There is no federal law requiring most employers to offer severance, and most employment is "at will" without a contractual right to severance pay. The existence of a severance offer usually means your employer wants something from you — typically a release of legal claims. Sometimes the release is routine; sometimes it is hiding real value you are giving up.
Here is what you should understand about severance agreements:
- They are negotiable in most cases
- The release language often covers more than employees realize
- There are specific legal rules (especially for workers over 40) about how the release must be presented
- Speed pressure is usually a negotiating tactic, not a legal constraint
- Getting professional advice before signing is almost always worth the cost
When you might receive a severance offer
- Layoff or reduction in force (RIF)
- Position elimination due to restructuring
- Termination without cause where the employer wants to limit legal risk
- Negotiated exit of a senior employee
- Some contractual severance rights under an employment agreement, offer letter, or executive plan
- A few states and municipalities require severance in specific situations (e.g., New Jersey WARN Act severance)
Federal baseline
Several federal laws apply to severance agreements:
- Older Workers Benefit Protection Act (OWBPA): If you are 40 or older, a severance agreement that releases age discrimination claims must give you 21 days to consider (or 45 days in a group layoff), 7 days to revoke after signing, written notice advising you to consult an attorney, and plain-language disclosures about the group in a RIF. Releases that do not comply are unenforceable as to ADEA claims.
- WARN Act: The federal Worker Adjustment and Retraining Notification Act requires 60 days' notice of mass layoffs or plant closings by employers of 100+ employees.
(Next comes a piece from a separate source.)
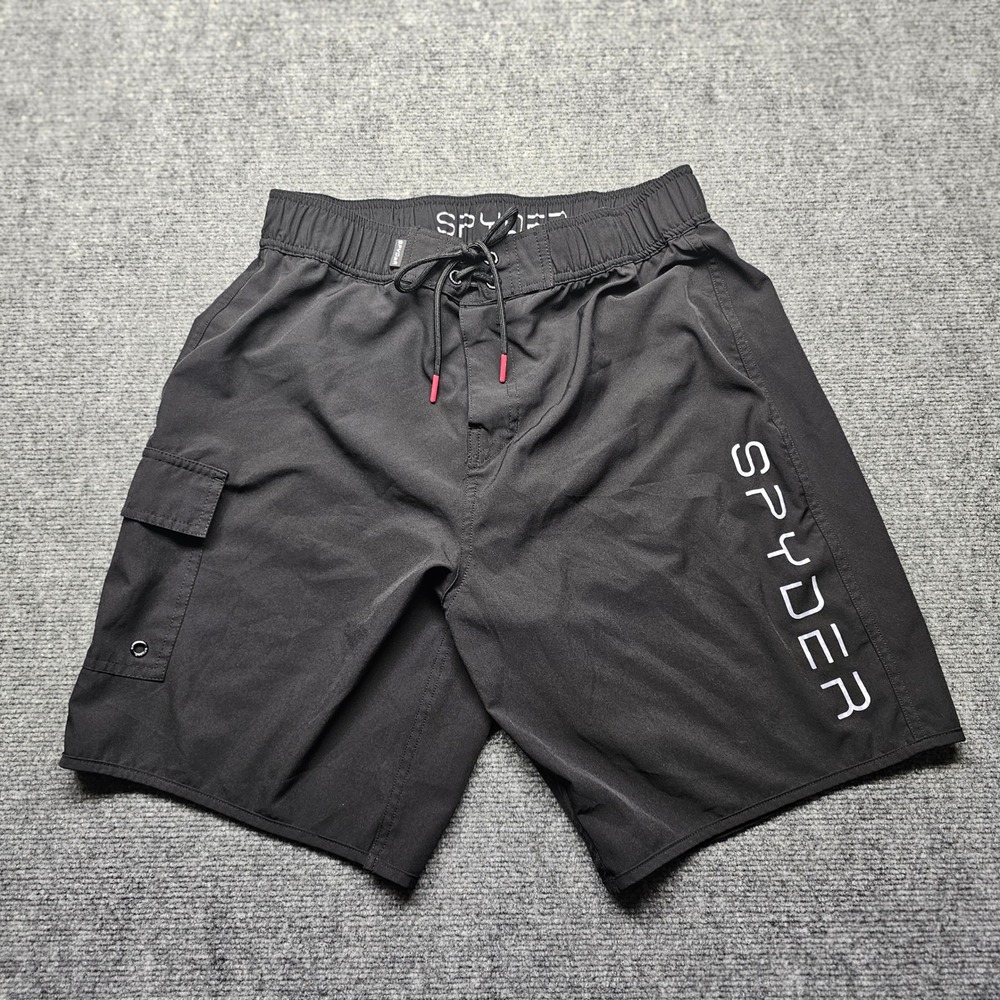 Spyder Swim Mens XL Black Board Shorts Cargo Pocket UV Protection Trunks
If notice is not given, employees may be entitled to pay in lieu of notice. Severance on top of WARN pay is separate.
- FLSA: You generally cannot release your wage and hour claims unilaterally; in many circumstances, release of unpaid wages requires DOL or court approval.
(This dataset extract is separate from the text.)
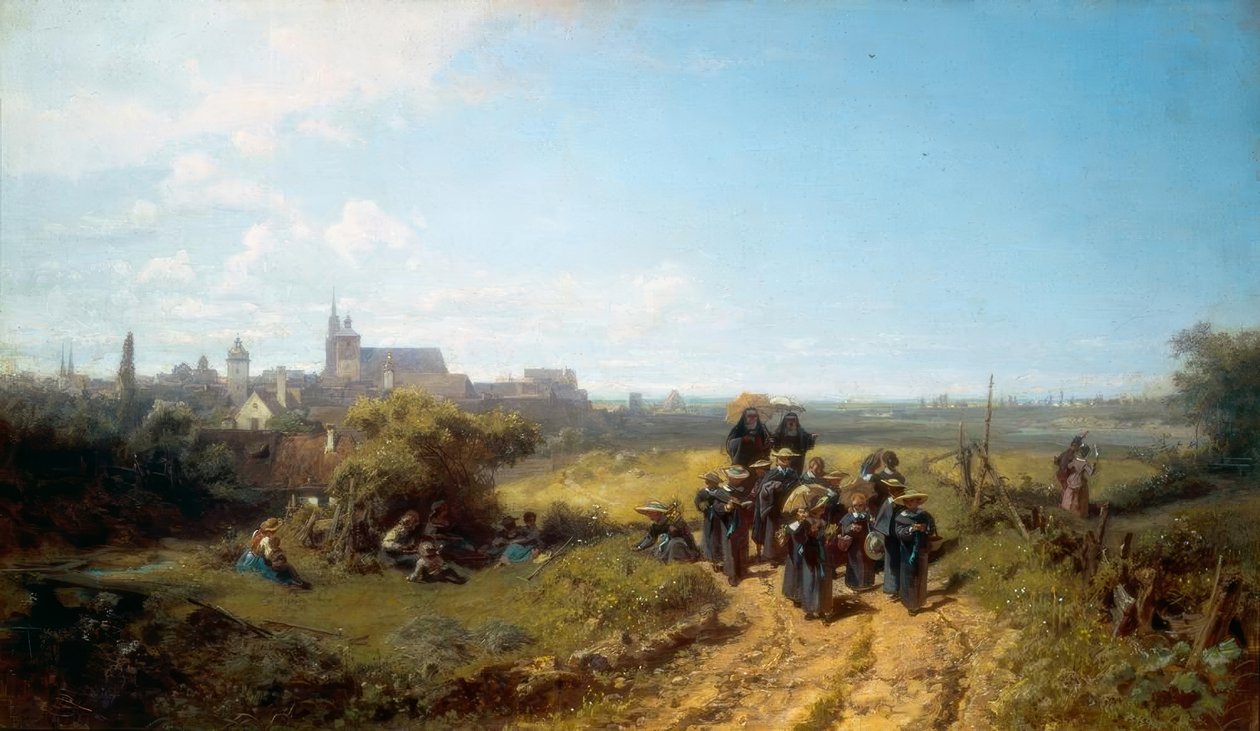 Institutsspaziergang af Carl Spitzweg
- Title VII, ADA, ADEA, GINA: Discrimination claims can typically be released, but with specific requirements.
- Sarbanes-Oxley, Dodd-Frank: Whistleblower protections cannot be waived. Agreements cannot prohibit you from reporting to the SEC, EEOC, NLRB, or other agencies.
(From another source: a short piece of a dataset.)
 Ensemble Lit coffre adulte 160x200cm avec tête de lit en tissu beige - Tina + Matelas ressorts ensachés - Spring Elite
- NLRA: Confidentiality and non-disparagement clauses that substantially interfere with protected concerted activity may be unenforceable (McLaren Macomb, NLRB 2023).
Check what you are already owed
Check your existing documents before assuming the offered amount is a gift. You may already be entitled to severance under:
- Your employment agreement or offer letter
- An executive severance plan
- A change-of-control agreement
- A bonus plan with earned amounts not yet paid
- An equity plan with vesting acceleration provisions
- A collective bargaining agreement (for union-covered employees)
Severance you are already owed is not a gift; the new "offer" is often just wrapping owed amounts inside a broader release.
State variations worth knowing
California: Severance negotiations are common. California law prohibits provisions in severance agreements that prevent disclosure of factual information related to sexual assault, sexual harassment, or workplace harassment/discrimination claims. Non-compete provisions in severance are generally unenforceable (Bus. & Prof. Code § 16600). California also has a mini-WARN Act with its own 60-day notice requirements.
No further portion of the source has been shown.